One of the biggest mistakes I see in new lawyers, especially those pulling down the $160K “big firm” salaries, is living the lifestyle full out.  The new BMW, the gorgeous condo, all of those nice accoutrements that seem like a fair reward for the hard work required to reach that earning level — if not purchased carefully, they turn into the proverbial golden handcuffs.

Some of the most disappointed professionals I know (this isn’t at all limited to lawyers) are those who literally bought into the lifestyle and then found it impossible to leave.  Others work as hard as they can, not to advance their careers, but because they fear that if they let up even a little bit they’ll be fired.  Sometimes that fear is realistic, especially in the current economy.  Handling it comes through taking an objective look at the likelihood of getting fired and working to create value.  Creating a contingency plan with a cushion of savings and a good network (in case a new job is in order) often helps as much or more.

Now, let’s be honest: anyone who knows me knows that I enjoy travel and impulse buys as much as the next person.  I’m not urging an ascetic lifestyle, nor am I recommending the kinds of budget cuts that reduce reasonable day-to-day comfort.  What I do recommend is living with enough of a financial cushion that a brief period of unemployment, whether voluntary or otherwise, wouldn’t be a catastrophe.  Living the $160K (or $100K or $250K or whatever the figure may be) lifestyle requires you stay at that level of income and eliminates a host of choices that would otherwise exist.

Are you wearing golden handcuffs?  What changes can you implement today to begin to build your financial freedom?  And remember not to look at this question just from the perspective of what you might eliminate: business development activity may create a book of business that will give you a measure of security worthy of the investment required to get it.

Freedom of Expression

While describing an assessment I often use to a lawyer-client, I mentioned that it provides feedback about one’s natural tendencies and those tendencies as adapted to work, explaining that almost everyone wears a “mask” of some sort at work.

“You got that right,” my client chuckled wryly.

We went on to discuss the discomfort this client feels in the workplace.  She chooses not to be herself in the office, to rein in the zany and hilarious side of herself in an effort to show up as the cool, calm professional whose judgment is above reproach.  And, frankly, it’s hard to blame her or any of the others who make a similar decision.  Especially in a competitive world in which reputation may be built on first impressions and damaged in a moment, playing it safe may be an appealing choice.

That said, when there’s too much of a gap between one’s “real” self and one’s “work” self, going to work may become unbearably stressful.  A great deal of energy can be consumed by molding oneself to expectations, and everyone I’ve known to be in such a situation gets worn down by maintaining a false persona.  Even more troublesome, authenticity is generally regarded as a key leadership attribute.  People often sense inauthenticity, and when authenticity is lacking, it’s tough to build or maintain relationships.

I’ve always enjoyed the quote, “Be who you are and say what you feel, because those who mind don’t matter and those who matter don’t mind.”  (Attributed, variously, to Walt Disney, Dr.
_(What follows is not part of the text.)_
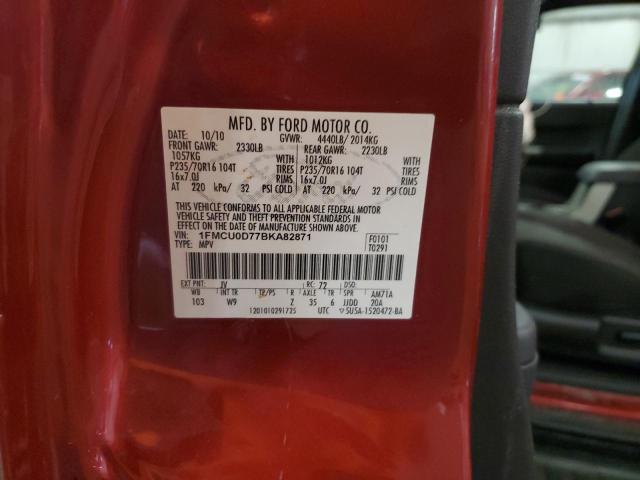 Photo 14 from auction – 2011 FORD ESCAPE XLT with VIN 1FMCU0D77BKA82871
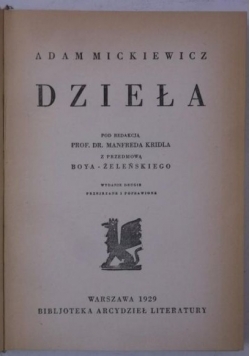Dzieła, tom XI i XII, 1929 r.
Seuss, and Bernard Baruch.)  Of course, those who employ or retain you do matter.  So, what if you feel required to present yourself as someone you aren’t?  The question is much too big for a single blog post, but I’ll throw out a few ideas.  If it generates sufficient interest, I’ll elaborate on another day.

1.  Change positions.  Sometimes it’s a “fit” issue.  A firm’s “culture” will define what is and isn’t acceptable, and a baseline fit between lawyer and firm is important.  While it’s unlikely that you’ll find a firm that allows you to be exactly who you are at home on a weekend morning among family or close friends, it is possible to find a firm where you can be more or less the same person.  If the “fit” is wrong, you’ll likely have the metaphorical sense of wearing a suit that’s too tight: constriction at work followed by the renewed ability to breathe when you’re elsewhere.  If you’re happy with your professional self, then the suit has to go.  Just be sure to note the areas of constriction so you’ll know what atmosphere would be a better fit.

2.  Practice allowing your personality to show.  Sometimes the issue is one of comfort: personality might be welcome, but you need to develop a certain comfort level to believe that’s true.  Try cracking a few jokes, mentioning your interest in feng shui, or hanging that unusual painting in your office.  And measure the reaction you get.  Assuming a reasonably good fit, you’ll probably begin to relax a bit (when the situation is appropriate for relaxing) and allow your slightly quirky self to show.  Treading slowly is probably a good idea: no one appreciates the colleague who lets the freak flag fly a little too high.  But personality is part of what will draw other lawyers and clients to you.  No one wants to work with an automaton.

3.  Express yourself in covert ways.  One of my good friends (not a lawyer) served as a consultant for several years for one of the big companies that functioned remarkably like a law firm.  She bought a toe ring that reminded her of her “outside” life and the trip to the Bahamas where she bought the ring.  I’ve known lawyers who relished having a navel piercing, living in an unusual part of town, or playing in a rock band on the weekends — none completely secret, really, just private enough to share with a select few.

4.  Act in integrity with your values.  On occasion, I’ve known lawyers who felt they were required to conform in distasteful ways.  Choosing to laugh at jokes that conflict with deeply held beliefs, for instance, puts a higher value on conformity than on the deeply held belief.  Integrity requires finding some way to reconcile belief and action, whether it’s ignoring or challenging the distasteful view.  Sometimes it’s an opportunity to educate, and sometimes it’s a sign that the firm/lawyer fit is wrong.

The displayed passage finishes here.